Crown Sells Macau shares, pulls out of Vegas
James Packer rethinks his foreign policy. Crown Resorts announced it would pull out of the two biggest gambling hubs in world, Vegas and Macau, in order to concentrate on domestic projects and maximize value for its shareholders. (Image: Reuters/Dinuka Liyanawatte)

James Packer’s Crown Resorts has made a dramatic U-turn on its global expansion strategy, suddenly and unexpectedly retreating from both Las Vegas and Macau, the two biggest gambling hubs in the world.

Crown dropped the bombshell during an earnings call on Thursday.
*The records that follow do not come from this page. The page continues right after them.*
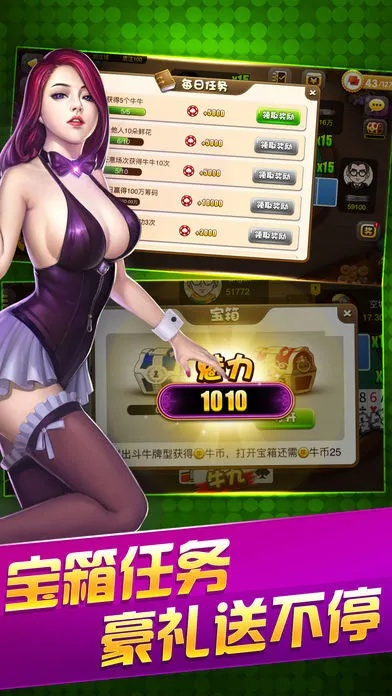 漫斗之路激活码及单机麻将游戏下载,策略实施与iPhone版更新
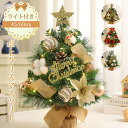 クリスマスツリー 卓上 45cm ミニ 小さい 小型 おしゃれ 北欧 60cm ledライト コンパクト ミニツリー クリスマスツリー オーナメント クリスマス...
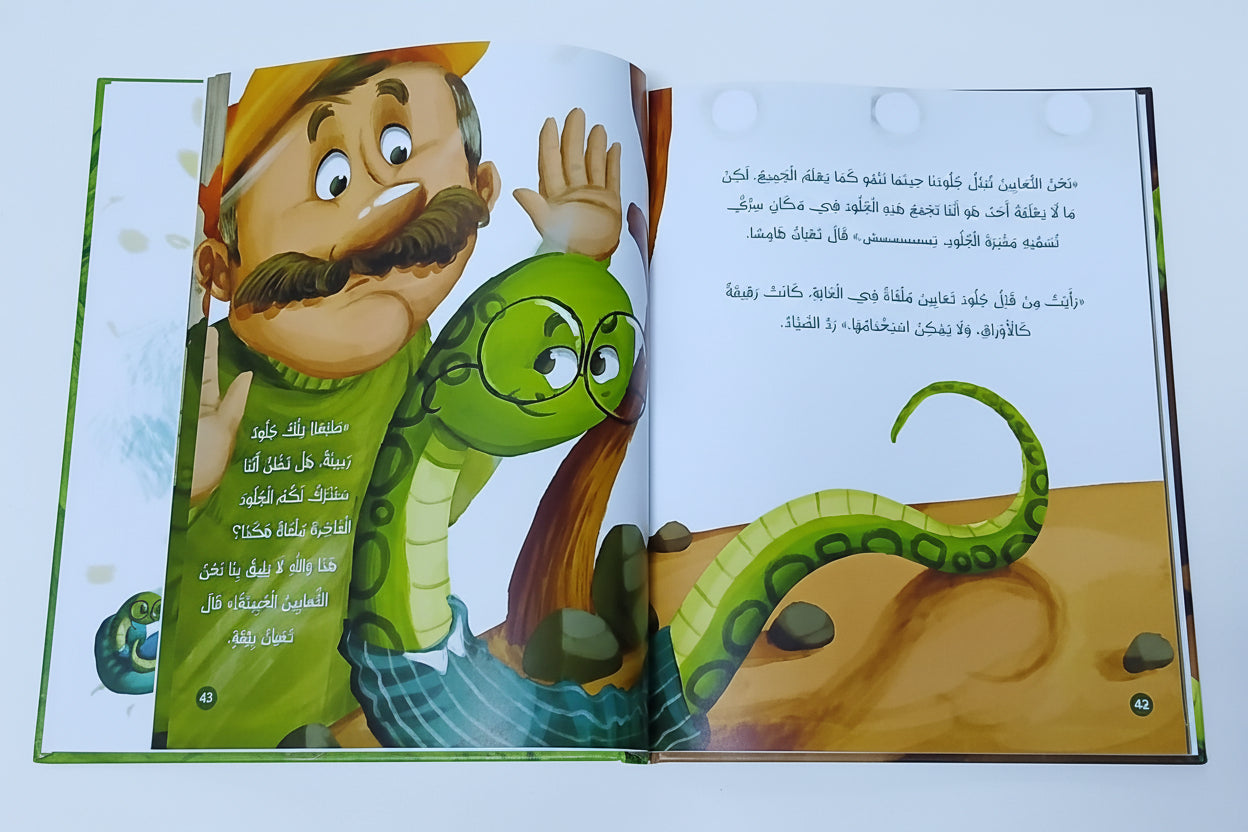 تعبان جدًا! : Very Tired! - Arabic Picture Book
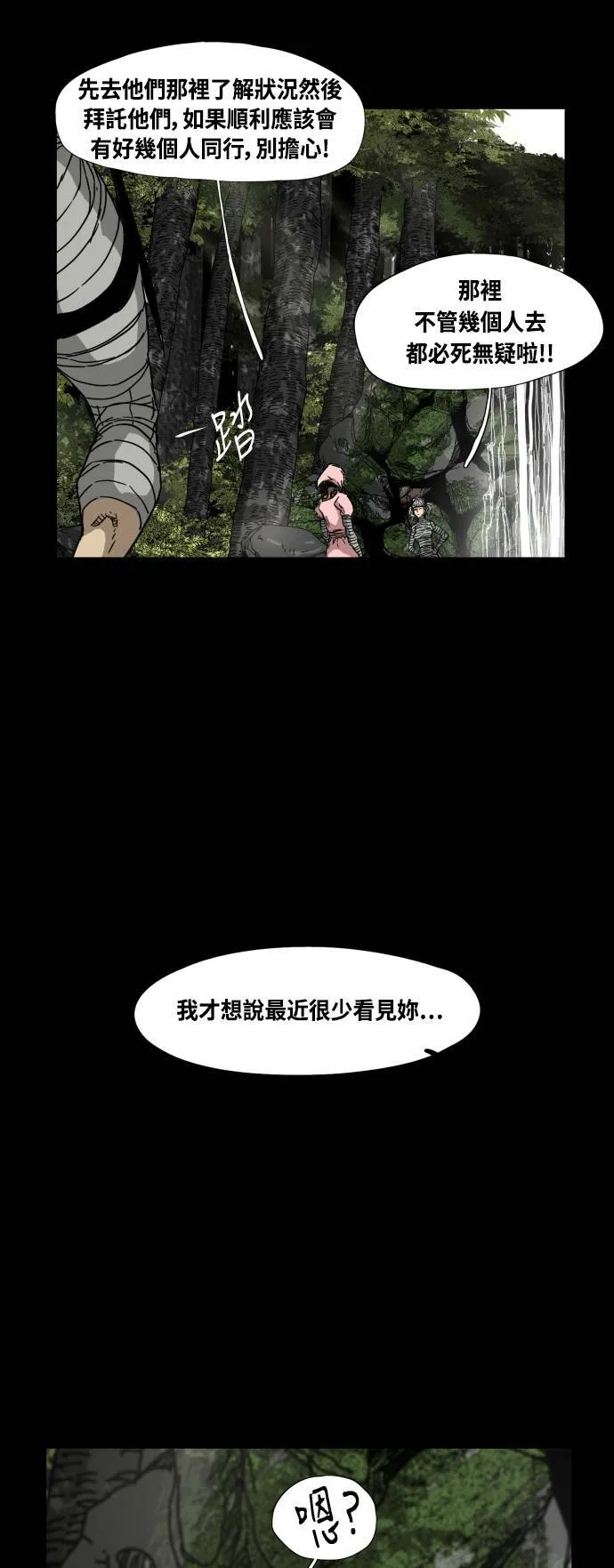 第79话 第39页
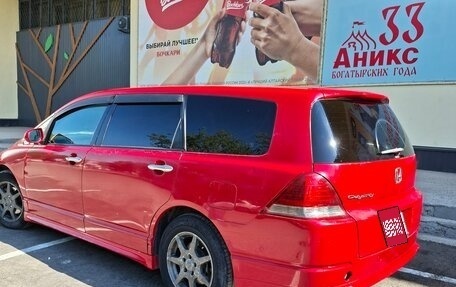Honda Odyssey III, 2004 год, 770 000 рублей, 5 фотография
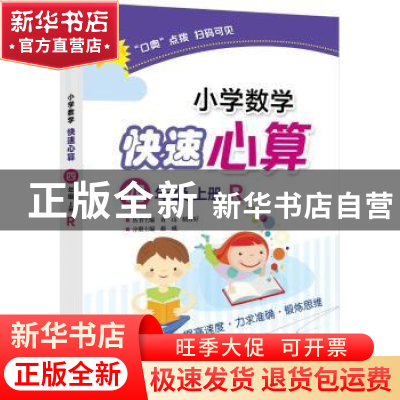 正版 小学数学快速心算:R:上册:四年级 青山,晴方好主编 电子工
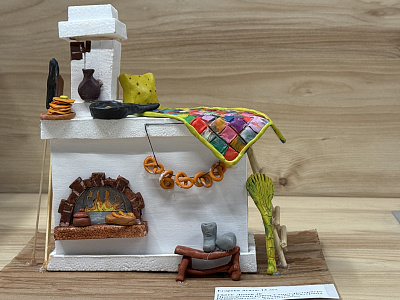 Детский конкурс 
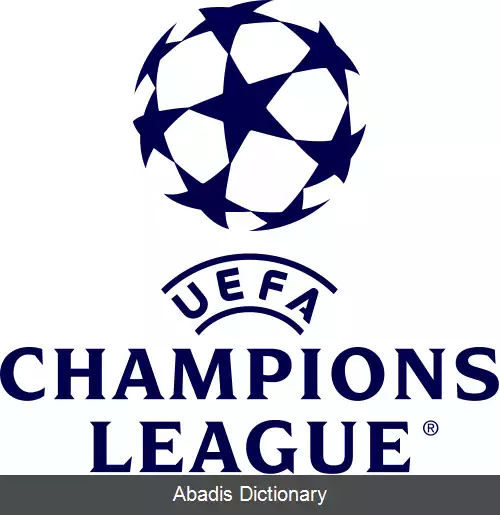 عکس لیگ قهرمانان اروپا ۰۷–۲۰۰۶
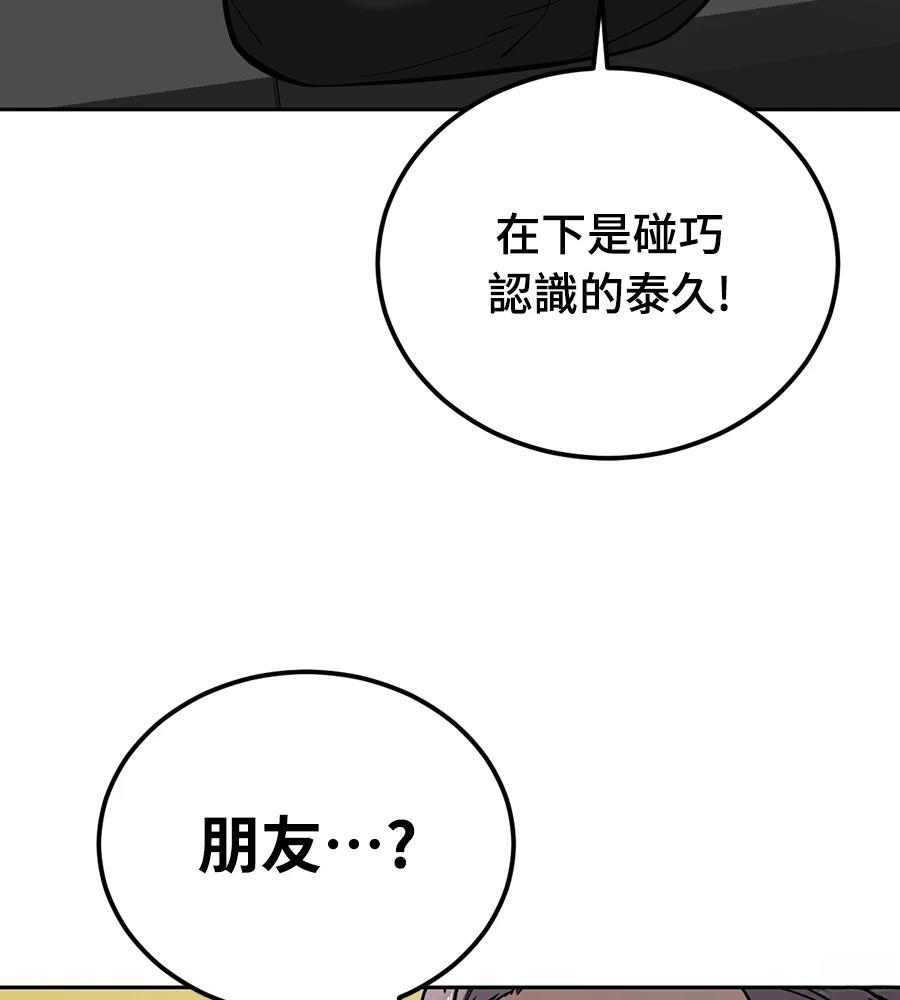 第10话24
The company announced that not only will it sell $1.2 billion worth of shares in its Macau casino business to its joint venture partner, Melco International, but it will also cut ties with the $1.9 billion Alon development, currently being built in Las Vegas on the site of the old Frontier Hotel and Casino.

The sale of Melco-Crown shares represents over half of Crown’s equity in the joint-venture and cedes control of the company to Melco boss Lawrence Ho.

Crown will now own just 13.4 percent of the venture, with Packer removing himself from the board.

China Arrests “Changed Outlook”

The move emphasizes just how much Beijing’s anti-corruption squeeze, and the resulting decline in VIP gaming revenue in Macau, has laid waste to Crown Resorts’ ambitions.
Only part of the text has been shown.